ADR-069: Semantic FUSE Filesystem
"Everything is a file" - Traditional Unix Philosophy "Everything is a file, but which file depends on what you're thinking about" - Semantic Unix Philosophy
Overview
Traditional filesystems force you to organize knowledge in rigid hierarchies — one directory, one path, one canonical location. But knowledge doesn't work that way. A document about embedding models is simultaneously about AI architecture, operational procedures, and bug fixes. Why should it live in only one folder?
The knowledge graph already solves this by letting concepts exist in multiple semantic contexts. But accessing it requires custom tools: CLI commands, web interfaces, MCP integration. Unix users already have powerful tools — grep, find, diff, tar — that they know intimately, but these tools can't touch the graph.
This ADR describes exposing the knowledge graph as a FUSE (Filesystem in Userspace) mount point, turning standard Unix tools into knowledge graph explorers. Type cd /mnt/knowledge/embedding-models/ and you're executing a semantic query. Run ls and you see concepts with similarity scores. The filesystem adapts to your exploration patterns, making knowledge navigation feel like browsing files — except the files organize themselves based on what they mean.
Implementation Status
Published: pipx install kg-fuse (PyPI)
| Feature | Status |
|---|---|
| FUSE mount/unmount (pyfuse3) | Shipped |
| OAuth authentication | Shipped |
Ontology listing at /ontology/ |
Shipped |
mkdir creates semantic query |
Shipped |
Query results as .concept.md files |
Shipped |
| Document content reading | Shipped |
| Concept rendering with evidence | Shipped |
kg oauth create --for fuse setup |
Shipped |
| Desktop integration (Dolphin, GNOME) | Shipped |
| Obsidian graph view compatibility | Shipped |
.meta/ control plane |
Planned |
| Nested query resolution (AND) | Planned |
| Multi-ontology symlinks | Planned |
| Write-to-ingest | Planned |
| Userspace LRU caching | Planned |
See ADR-069.1 for detailed implementation specifics (phases, caching, query store).
Context
The Problem: Hierarchies Don't Fit Knowledge
Traditional filesystems organize knowledge through rigid hierarchies:
But knowledge doesn't fit in trees. ADR-068 is simultaneously: - An architecture decision - A guide for operators - An embedding system reference - A bug fix chronicle - A compatibility management strategy
Why force it into one directory when it semantically belongs in multiple conceptual spaces?

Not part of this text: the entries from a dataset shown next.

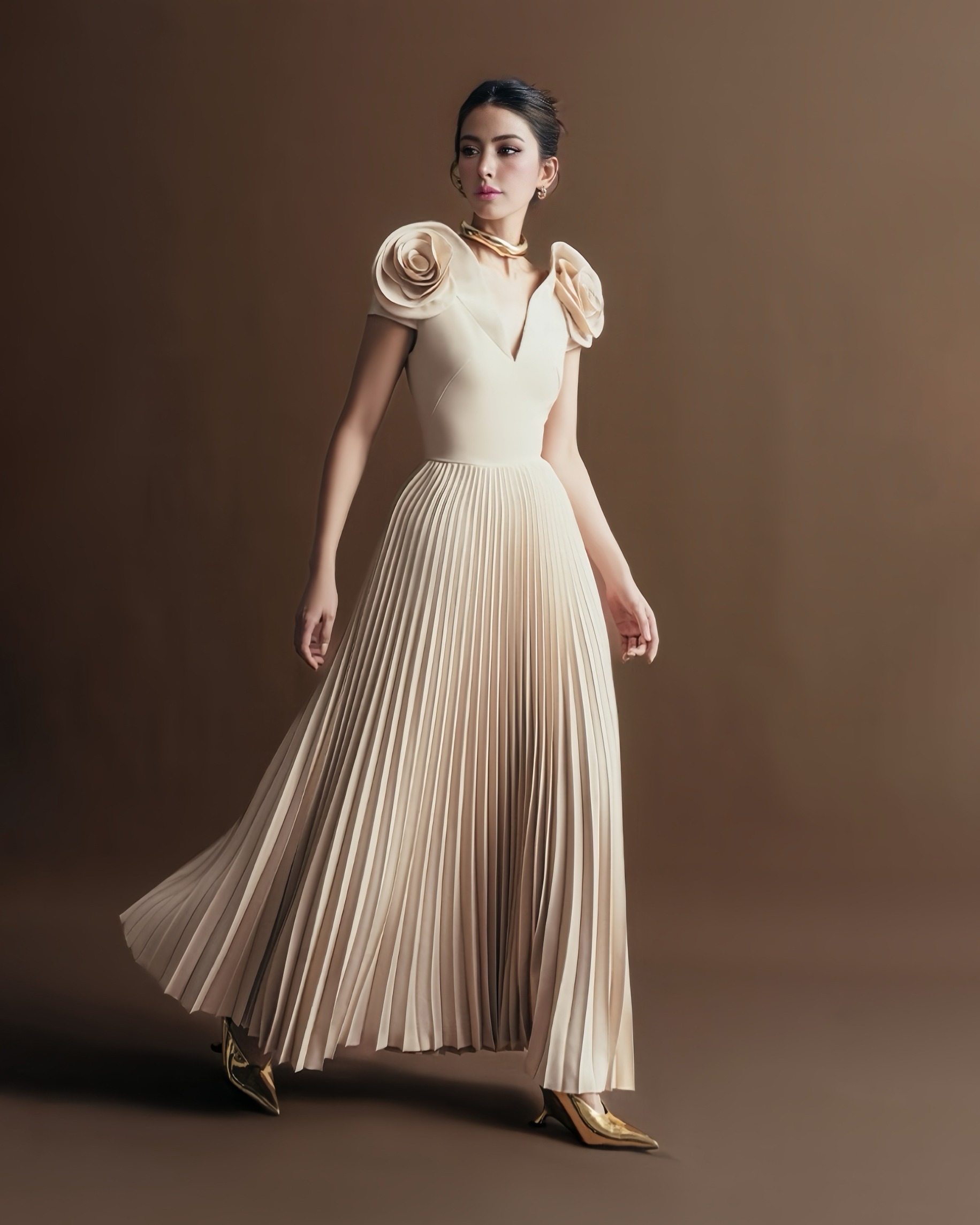 Label : LUXE ☑️เดรสเสื้อคอวีแขนกุด กระโปรงพลีทรอบตัว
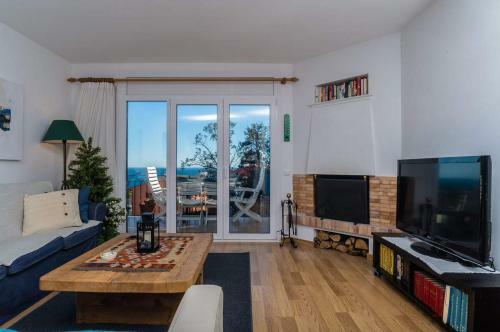 Calella De Palafrugell Apartment Sleeps 4 Pool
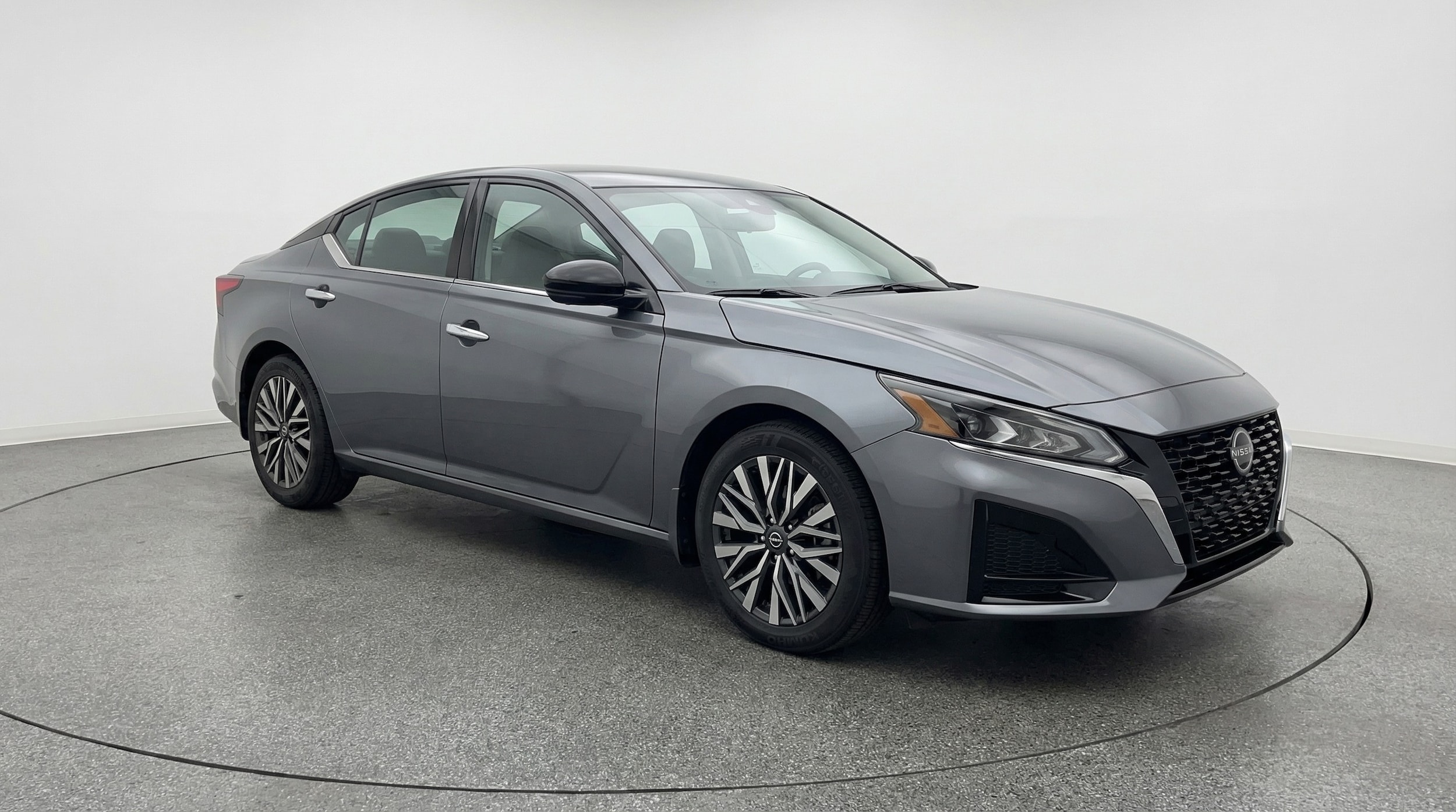 Thumbnail: 2025 Nissan Altima - 1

The Opportunity: FUSE as Semantic Interface
The knowledge graph already provides: - Semantic search (vector similarity) - Relationship traversal (graph navigation) - Multi-ontology organization - Cross-domain linking (automatic concept merging)
FUSE exposes these capabilities through filesystem metaphors that users already understand.
Architectural Validation
This proposal underwent external peer review to validate feasibility against the existing codebase. Key findings:
- Architectural Fit: The FUSE operations map directly to existing services without requiring new core logic
ls(semantic query) ->QueryService.build_search_querycd relationships/(graph traversal) ->QueryService.build_concept_details_query-
Write operations -> existing async ingestion pipeline
-
Implementation Feasibility: High - essentially re-skinning existing services into FUSE protocol
-
Discovery Value: Solves the "I don't know what to search for" problem by allowing users to browse valid semantic pathways
-
Standard Tool Integration: Turns every Unix utility (
grep,diff,tar) into a knowledge graph tool for free
The review validated this is a "rigorous application of the 'everything is a file' philosophy to high-dimensional data," not a cursed hack.
Performance and Consistency Engineering
External research on high-dimensional semantic file systems identified critical engineering considerations that our architecture already addresses:
1. The Write Latency Trap (Mitigated) - Risk: Synchronous embedding generation (15-50ms+) and graph linking (seconds) would block write() syscalls, hanging applications - Our Solution: Asynchronous worker pattern (ADR-014) with job queue
2. The Read (ls) Bottleneck (Mitigated) - Risk: Fresh vector searches on every readdir would cause sluggish directory listings - Our Solution: Query-time retrieval with caching, 100-200ms retrieval target, PostgreSQL connection pooling
3. POSIX Stability via Deterministic Structure (Addressed) - Risk: Purely emergent clustering causes "cluster jitter" - files randomly moving between folders - Our Solution: Stable hierarchy based on ontology assignment. Concepts appear in multiple semantic query directories (intentional), but underlying storage location is stable.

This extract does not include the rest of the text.